> PROBLEM STATEMENT: Images excluded, reproduce each line of the records exactly as it stands.

+===+

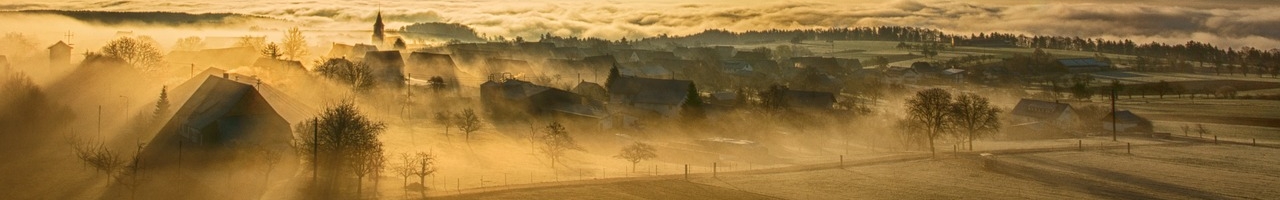 Village dans la brume au soleil levant
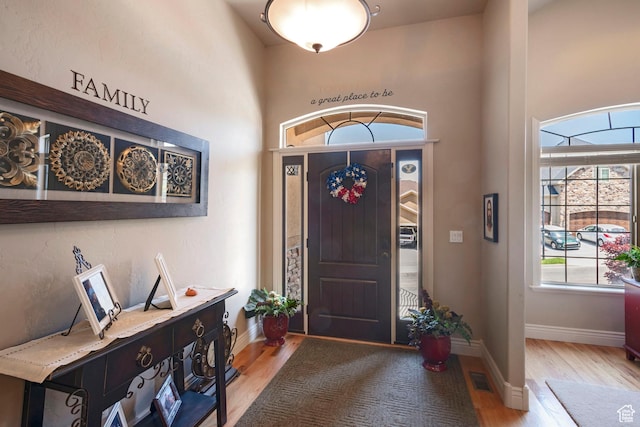 258 E Red Leaf Dr, Draper, UT 84020 - entrance foyer featuring light wood-type flooring and a towering ceiling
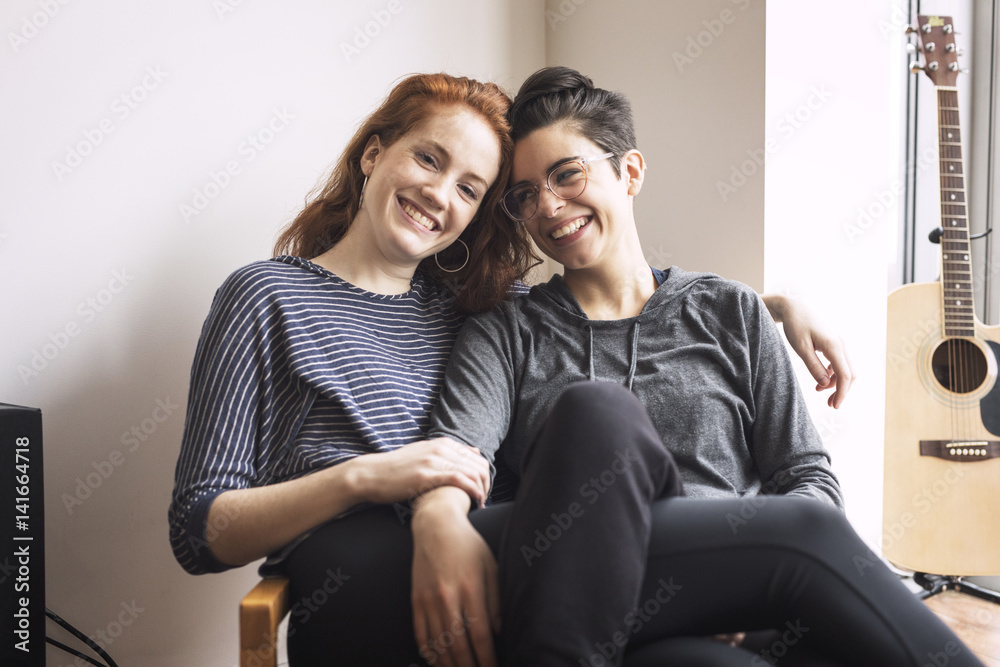 Happy lesbian couple sitting on chair at home Happy lesbian couple sitting on chair at home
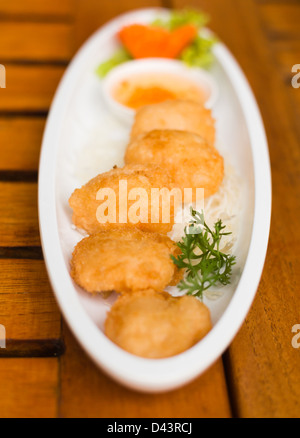 Gâteaux de crevettes poêlées sur blanc plat sur table en bois nourriture thaïe Banque D'Images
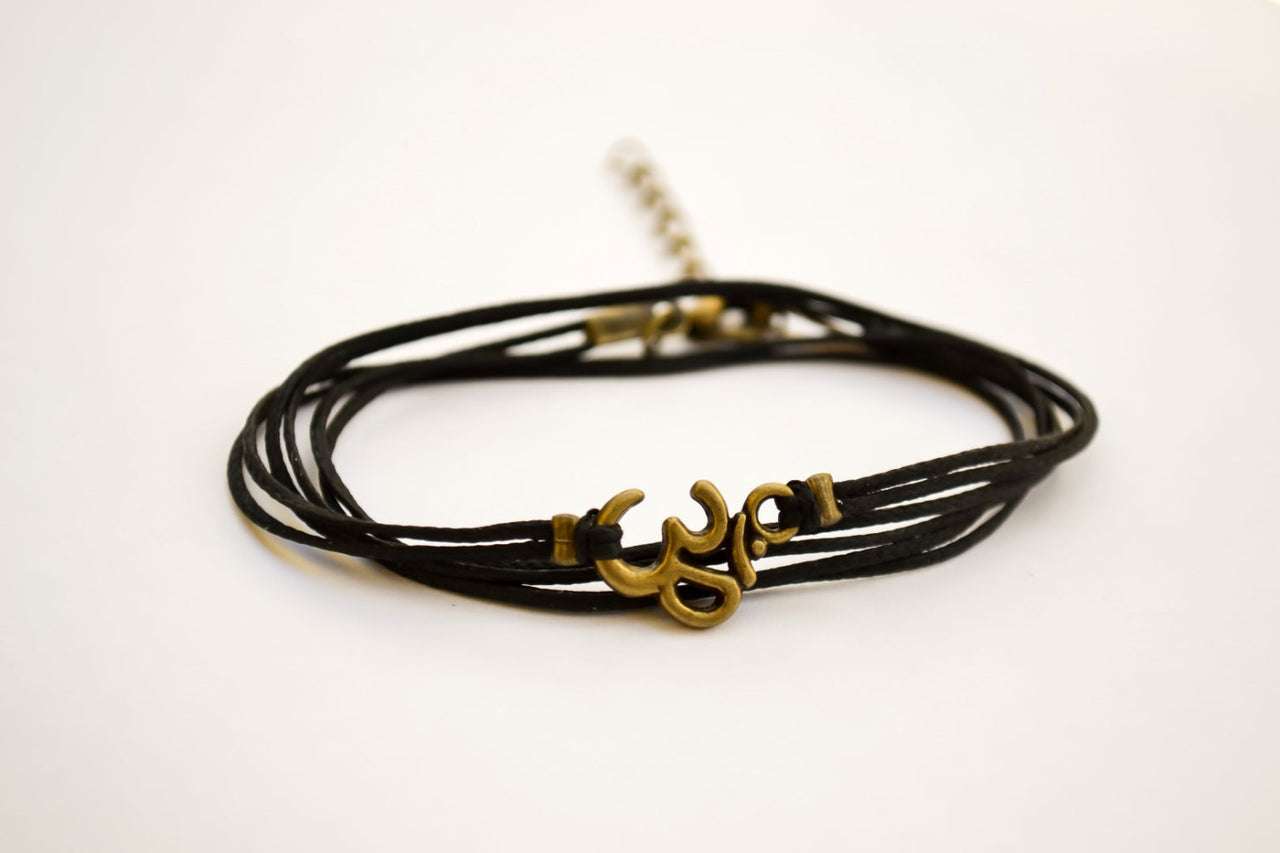 Wrapped bracelet with bronze tone Om charm - shani-adi-jewerly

+===+

> TASK RESPONSE:
 Village dans la brume au soleil levant
 258 E Red Leaf Dr, Draper, UT 84020 - entrance foyer featuring light wood-type flooring and a towering ceiling
 Happy lesbian couple sitting on chair at home Happy lesbian couple sitting on chair at home
 Gâteaux de crevettes poêlées sur blanc plat sur table en bois nourriture thaïe Banque D'Images
 Wrapped bracelet with bronze tone Om charm - shani-adi-jewerly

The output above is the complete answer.